1. Field of Invention

This invention relates generally to the death care industry, and more particularly to storage for and methods of memorializing a deceased, cremated pet.

2. Discussion of Prior Art

There are many products in prior art with the purpose of containing the cremated remains of a cherished pet, and even some that display the remains in a creative and satisfyingly memorializing method. However, there continues to be small variety of choices in the area of personalization in the pet death care industry.

Additionally, there is a lack of products evident in the prior art that memorializes a pet in a means that addresses the anguish and need for physically tangible comfort to which a pet-owner is subject when faced with a loss. Much of the prior art consists of a means to display cremated remains in a decorative fashion, on a mantelpiece or hung on the wall.

Accordingly, there are two different classes of patents concerning memorializing products involving cremated remains: containment methodology and means by which the ashes may be molded into a memorializing display item.
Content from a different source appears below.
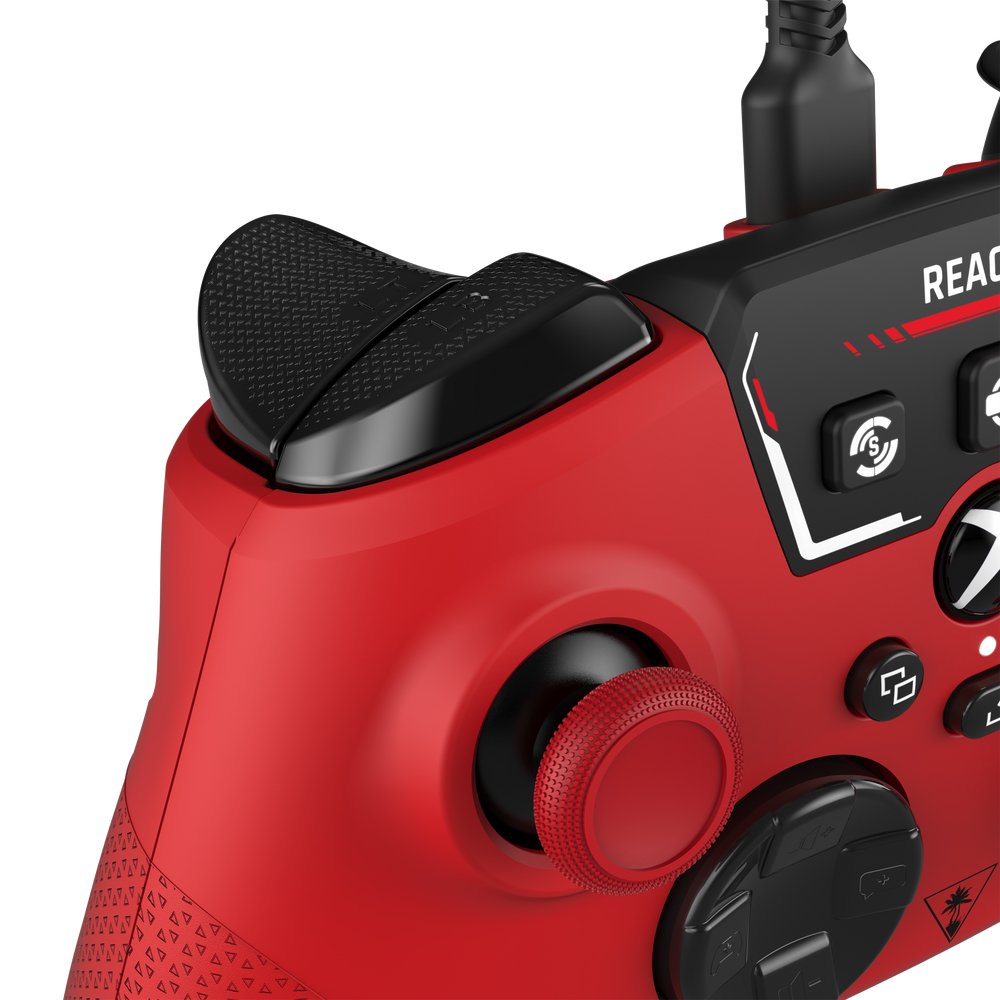 Turtle Beach React-R Xbox X/S Red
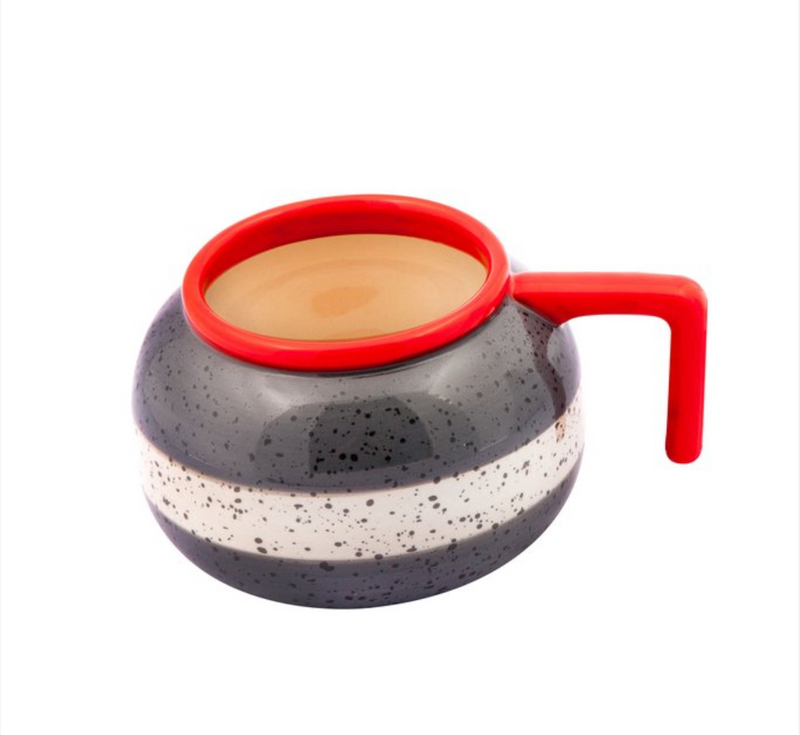 Curling Rock Mug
In addition to the traditional urns, there are several containment methodologies listed in the prior art. U.S. Pat. No. 6,735,831 to Greiwe, et al, describes a receptacle and a memorial plaque which one may put on display along with a tray for mementos, while U.S. Pat. No. 6,175,995 to Parker, et al describes a lawn or garden ornament with a compartment adapted to contain the cremated remains. Other display devices include a football-helmet shaped crematory urn (U.S. Pat. No. 5,896,632), candlestick holder/crematory remains container (U.S. Pat. No. 5,813,098), cube-shaped vessel for cremated remains having a receptacle for a photograph (U.S. Pat. No. 6,526,636) and a pyramid shaped display device (U.S. Pat. No. 5,704,103). All of these patents provide a way to contain the remains in an attractive and unique way, but does not provide any further comfort to the grieving than can be provided by sight alone.
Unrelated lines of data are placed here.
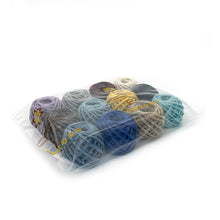 Cargar imagen en el visor de la galería, Mix Hilaza Algodón 3mm Makrama Colores Surtidos 12pz (M)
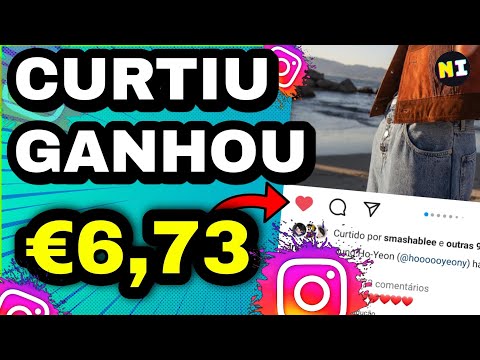 Como ganhar dinheiro curtindo fotos no Instagram com um aplicativo?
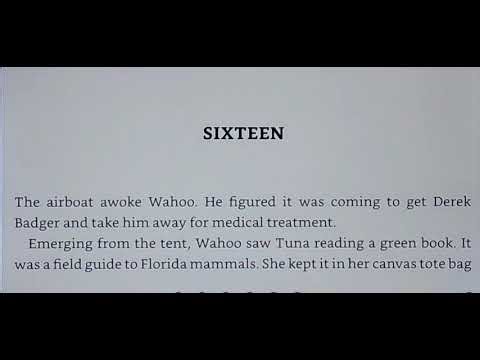 Chomp, by Carl Hiaasen - Ch. 16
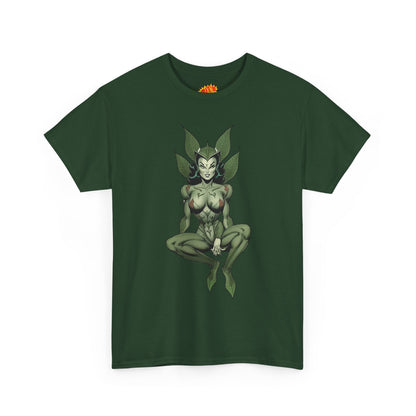Devil Dryad Woman Fantasy Nature T-Shirt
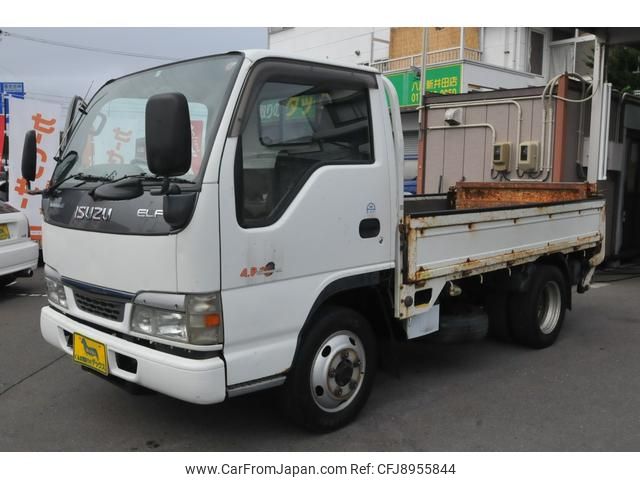 isuzu elf-truck 2004 GOO_NET_EXCHANGE_0903444A30230907W001 image 1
Molding methodology takes the memorializing field a step farther. These products allow loved ones to incorporate the cremated ashes into a moldable substance which can then be shaped in a likeness of the one who is lost, or in some other shape particular to the loved ones' interests. In U.S. Pat. No. 5,016,330, Botsch describes this very process and that the resulting surface may be inscribed with indicia descriptive of the identity of the being who is the source of the ash. U.S. Pat. No. 6,200,507 to Dennis describes a means of combining crematory ash with a resin which may be cured into any shape and finished with an outer layer material such as marble, bronze or wood. Santorello, et al, describes an ash silhouette display case in U.S. Pat. No. 6,665,916, in which the ashes are poured into a mold taking the shape of the deceased. These methods are ways in which the crematory ashes may actually be visualized by loved ones. They still provide no tactilely satisfying comfort to the grieving pet owner, however.
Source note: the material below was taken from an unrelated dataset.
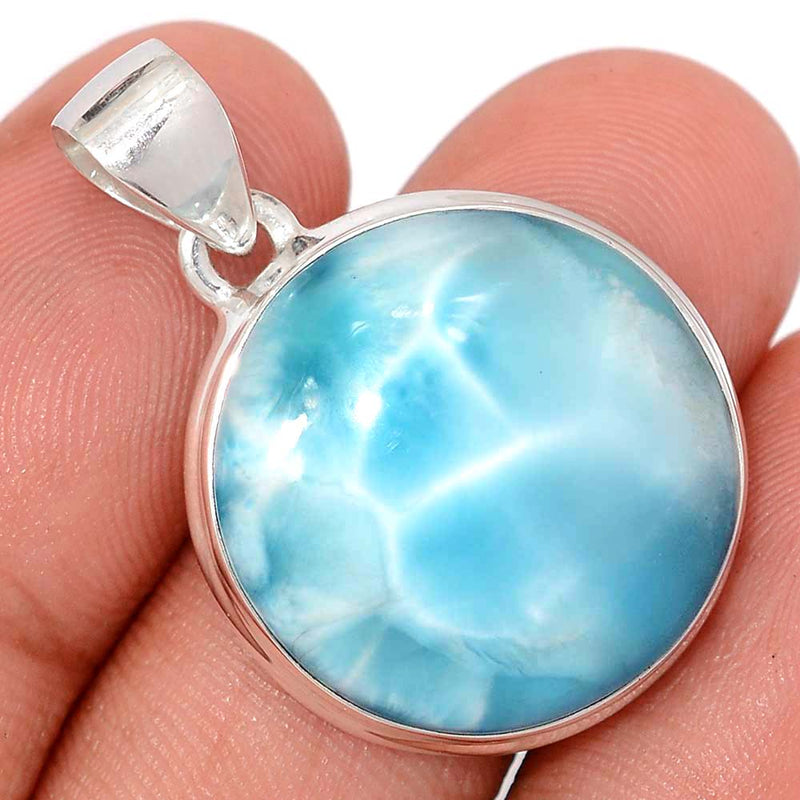 1.3" Larimar Pendants - LRIP3801
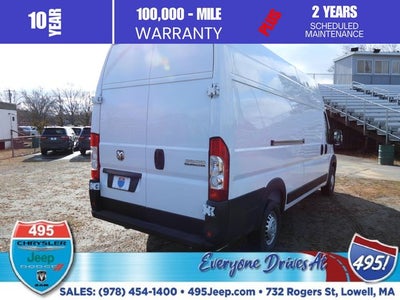 2026 RAM ProMaster 3500 Super High Roof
Memorializing products heretofore known suffer from some key disadvantages:

    • a. Personalization options are limited by the design of the items that have been mentioned. They can be inscribed with unique messages or made into unique shapes, but there are a limited number of ways to personalize a wooden box or ashen statue.
    • b. They do not offer a physically and tactilely comforting memorializing experience for the grieving loved one. There is no means for display of cremated remains that gives the handler a cushioned tactile sensation, while providing an aesthetically pleasing and appropriately memorializing appearance.

3. Objects and Advantages

Accordingly, several objects and advantages of the present invention are:

    • a. to provide a depository for cremated remains that uniquely displays some facet(s) of the pet's life, such as favorite toys or people, or characteristic image of the pet.
    • b. to provide pet owners with the freedom to choose any suitable fabric for the display surface of the item that they consider appropriate to memorialize their pet. In this way the product may be highly personalized, such as by including text, graphics and memorabilia relating to the life of the deceased animal.
    • c. to provide tangible comfort to grieving pet owners after the loss of their beloved pet; having practical uses beyond those of traditional cremation depository vessels.
    • d. to provide a decorative, memorializing item that may be constructed of a variety of materials, sizes and closure methods.
    • e. to provide a memorializing item having the discreet characteristic of being a cremated remains depository vessel (this characteristic may be kept secret by the owner).
    • f. to provide an item that is durable and that maintains its desired appearance for extended periods of time.

Further objects and advantages of the invention will become apparent from a consideration of the drawings and ensuing description.

SUMMARY

In accordance with the present invention, the vessel will be comprised of a display method to discreetly hold cremated remains of animals in a decorative and artistic fashion. In the preferred mode, the remains are enclosed within a soft inner cavity. The soft outer fabric covering, is suitable for providing alleviation of stress to the grieving. Viewed in its entirety, the vessel resembles a small pillow in look and feel. The design of the cover may be of any material or image specified, and may display other physical memorabilia, giving the item a “personalized” effect. The material may also display any colors or graphics, text, or images of items or scenes related to the life of the deceased pet. The method results in an artistic, aesthetically pleasing and physically comforting reminder of a cherished pet.

DRAWINGS

Figures:

FIG. 1 shows an anterior view of the vessel.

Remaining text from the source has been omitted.